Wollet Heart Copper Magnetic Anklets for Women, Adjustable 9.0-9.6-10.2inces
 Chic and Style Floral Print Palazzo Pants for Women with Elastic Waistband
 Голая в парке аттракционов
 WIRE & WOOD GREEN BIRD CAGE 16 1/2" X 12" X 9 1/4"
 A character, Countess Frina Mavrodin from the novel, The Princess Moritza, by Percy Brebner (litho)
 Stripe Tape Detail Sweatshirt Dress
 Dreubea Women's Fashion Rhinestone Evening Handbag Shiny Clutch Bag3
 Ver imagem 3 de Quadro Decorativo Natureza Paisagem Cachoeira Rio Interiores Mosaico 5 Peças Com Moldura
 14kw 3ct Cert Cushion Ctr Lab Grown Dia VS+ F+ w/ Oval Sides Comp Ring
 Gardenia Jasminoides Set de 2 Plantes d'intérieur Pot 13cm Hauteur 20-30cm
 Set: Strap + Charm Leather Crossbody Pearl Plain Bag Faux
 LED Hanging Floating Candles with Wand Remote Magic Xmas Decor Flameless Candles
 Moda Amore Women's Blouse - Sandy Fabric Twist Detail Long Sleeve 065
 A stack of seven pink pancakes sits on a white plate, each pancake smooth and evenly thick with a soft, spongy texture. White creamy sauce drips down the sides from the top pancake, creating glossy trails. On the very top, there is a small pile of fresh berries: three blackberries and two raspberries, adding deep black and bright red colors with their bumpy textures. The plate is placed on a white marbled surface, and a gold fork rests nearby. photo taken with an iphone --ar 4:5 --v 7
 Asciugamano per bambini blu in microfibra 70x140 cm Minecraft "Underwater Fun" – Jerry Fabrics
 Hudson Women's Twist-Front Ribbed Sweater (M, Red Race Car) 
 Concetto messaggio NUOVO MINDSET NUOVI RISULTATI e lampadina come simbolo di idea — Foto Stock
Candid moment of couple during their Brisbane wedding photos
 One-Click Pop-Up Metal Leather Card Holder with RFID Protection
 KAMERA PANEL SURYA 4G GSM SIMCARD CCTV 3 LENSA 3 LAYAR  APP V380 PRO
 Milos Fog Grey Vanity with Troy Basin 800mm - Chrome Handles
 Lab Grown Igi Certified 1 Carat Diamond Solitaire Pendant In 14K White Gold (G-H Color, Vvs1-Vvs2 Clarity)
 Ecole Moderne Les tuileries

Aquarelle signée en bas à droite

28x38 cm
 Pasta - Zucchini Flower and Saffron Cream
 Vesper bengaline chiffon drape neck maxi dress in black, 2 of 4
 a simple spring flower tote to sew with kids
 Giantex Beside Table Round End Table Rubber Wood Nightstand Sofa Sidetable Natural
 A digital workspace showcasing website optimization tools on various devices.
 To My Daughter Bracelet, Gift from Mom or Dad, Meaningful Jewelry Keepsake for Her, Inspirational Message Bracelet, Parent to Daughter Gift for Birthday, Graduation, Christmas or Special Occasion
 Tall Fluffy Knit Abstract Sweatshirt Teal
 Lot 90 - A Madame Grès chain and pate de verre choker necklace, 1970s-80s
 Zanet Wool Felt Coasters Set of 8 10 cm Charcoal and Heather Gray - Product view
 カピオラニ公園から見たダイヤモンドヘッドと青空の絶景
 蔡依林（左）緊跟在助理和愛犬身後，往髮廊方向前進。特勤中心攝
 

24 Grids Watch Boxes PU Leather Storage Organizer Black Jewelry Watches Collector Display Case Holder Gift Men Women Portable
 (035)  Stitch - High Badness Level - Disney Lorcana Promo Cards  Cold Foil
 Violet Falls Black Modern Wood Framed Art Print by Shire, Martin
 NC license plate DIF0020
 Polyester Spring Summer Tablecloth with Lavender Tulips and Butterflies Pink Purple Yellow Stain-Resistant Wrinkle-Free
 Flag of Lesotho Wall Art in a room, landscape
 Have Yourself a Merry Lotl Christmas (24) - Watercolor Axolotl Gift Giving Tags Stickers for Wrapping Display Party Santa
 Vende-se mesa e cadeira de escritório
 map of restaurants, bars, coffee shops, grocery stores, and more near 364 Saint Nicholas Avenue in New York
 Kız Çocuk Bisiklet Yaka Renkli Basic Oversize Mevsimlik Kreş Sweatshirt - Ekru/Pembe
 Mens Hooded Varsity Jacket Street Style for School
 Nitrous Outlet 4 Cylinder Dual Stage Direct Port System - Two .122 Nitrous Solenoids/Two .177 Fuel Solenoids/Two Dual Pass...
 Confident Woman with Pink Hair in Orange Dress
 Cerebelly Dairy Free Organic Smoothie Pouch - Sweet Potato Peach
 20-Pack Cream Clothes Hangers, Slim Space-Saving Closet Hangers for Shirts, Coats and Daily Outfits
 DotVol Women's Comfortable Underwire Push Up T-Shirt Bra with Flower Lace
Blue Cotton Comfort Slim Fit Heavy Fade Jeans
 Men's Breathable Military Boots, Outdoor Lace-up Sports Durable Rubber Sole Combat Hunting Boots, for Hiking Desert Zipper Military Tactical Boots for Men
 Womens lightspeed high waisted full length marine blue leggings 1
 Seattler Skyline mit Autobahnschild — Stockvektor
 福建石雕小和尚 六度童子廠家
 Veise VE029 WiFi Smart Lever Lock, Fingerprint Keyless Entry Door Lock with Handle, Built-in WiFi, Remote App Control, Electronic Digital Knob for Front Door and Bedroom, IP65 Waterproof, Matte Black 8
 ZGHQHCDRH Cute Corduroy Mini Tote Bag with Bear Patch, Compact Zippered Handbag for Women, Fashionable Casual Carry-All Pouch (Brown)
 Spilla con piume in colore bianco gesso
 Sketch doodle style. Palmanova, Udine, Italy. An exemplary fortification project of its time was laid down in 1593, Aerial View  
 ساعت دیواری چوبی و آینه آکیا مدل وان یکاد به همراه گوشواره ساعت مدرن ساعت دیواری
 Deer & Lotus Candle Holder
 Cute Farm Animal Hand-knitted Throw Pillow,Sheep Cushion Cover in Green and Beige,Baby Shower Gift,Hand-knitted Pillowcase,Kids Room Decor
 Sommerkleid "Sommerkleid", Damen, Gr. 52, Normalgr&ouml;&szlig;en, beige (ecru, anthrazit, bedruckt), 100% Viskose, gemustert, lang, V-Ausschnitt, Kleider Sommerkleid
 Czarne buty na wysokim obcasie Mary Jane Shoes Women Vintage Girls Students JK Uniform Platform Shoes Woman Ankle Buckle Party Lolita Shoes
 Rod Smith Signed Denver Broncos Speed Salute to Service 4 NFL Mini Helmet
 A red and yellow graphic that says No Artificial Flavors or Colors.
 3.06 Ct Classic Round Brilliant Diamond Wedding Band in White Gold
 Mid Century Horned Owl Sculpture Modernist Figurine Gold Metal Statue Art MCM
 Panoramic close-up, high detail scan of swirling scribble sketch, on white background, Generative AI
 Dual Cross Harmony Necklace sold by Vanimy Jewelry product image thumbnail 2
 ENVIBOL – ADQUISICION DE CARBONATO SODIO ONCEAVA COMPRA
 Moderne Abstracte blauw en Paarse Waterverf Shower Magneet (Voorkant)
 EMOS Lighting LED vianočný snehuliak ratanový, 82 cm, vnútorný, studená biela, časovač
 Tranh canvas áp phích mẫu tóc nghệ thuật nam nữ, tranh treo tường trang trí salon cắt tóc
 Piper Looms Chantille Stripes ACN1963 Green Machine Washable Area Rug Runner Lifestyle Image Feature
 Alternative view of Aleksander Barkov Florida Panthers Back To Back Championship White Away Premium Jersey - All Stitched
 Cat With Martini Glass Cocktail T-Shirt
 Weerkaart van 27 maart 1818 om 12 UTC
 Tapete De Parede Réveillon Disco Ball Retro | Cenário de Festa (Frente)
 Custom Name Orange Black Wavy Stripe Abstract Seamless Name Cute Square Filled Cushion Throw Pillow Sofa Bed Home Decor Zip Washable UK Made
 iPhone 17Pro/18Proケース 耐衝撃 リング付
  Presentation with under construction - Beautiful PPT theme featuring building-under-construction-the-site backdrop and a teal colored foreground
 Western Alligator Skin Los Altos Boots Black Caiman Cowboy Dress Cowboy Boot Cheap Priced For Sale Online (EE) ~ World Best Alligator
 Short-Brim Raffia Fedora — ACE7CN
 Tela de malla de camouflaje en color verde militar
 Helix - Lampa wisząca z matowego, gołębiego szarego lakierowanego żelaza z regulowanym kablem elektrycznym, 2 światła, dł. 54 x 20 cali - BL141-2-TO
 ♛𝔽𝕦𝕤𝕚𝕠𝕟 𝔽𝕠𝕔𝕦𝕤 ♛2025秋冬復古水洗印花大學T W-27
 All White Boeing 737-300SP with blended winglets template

§ §

### EXERCISE PROMPT
In your answer, include only the lines above starting at the line that holds "DotVol Women's Comfortable" and ending at the line that holds "ZGHQHCDRH Cute Corduroy", copied exactly.

### TASK RESPONSE
 DotVol Women's Comfortable Underwire Push Up T-Shirt Bra with Flower Lace
Blue Cotton Comfort Slim Fit Heavy Fade Jeans
 Men's Breathable Military Boots, Outdoor Lace-up Sports Durable Rubber Sole Combat Hunting Boots, for Hiking Desert Zipper Military Tactical Boots for Men
 Womens lightspeed high waisted full length marine blue leggings 1
 Seattler Skyline mit Autobahnschild — Stockvektor
 福建石雕小和尚 六度童子廠家
 Veise VE029 WiFi Smart Lever Lock, Fingerprint Keyless Entry Door Lock with Handle, Built-in WiFi, Remote App Control, Electronic Digital Knob for Front Door and Bedroom, IP65 Waterproof, Matte Black 8
 ZGHQHCDRH Cute Corduroy Mini Tote Bag with Bear Patch, Compact Zippered Handbag for Women, Fashionable Casual Carry-All Pouch (Brown)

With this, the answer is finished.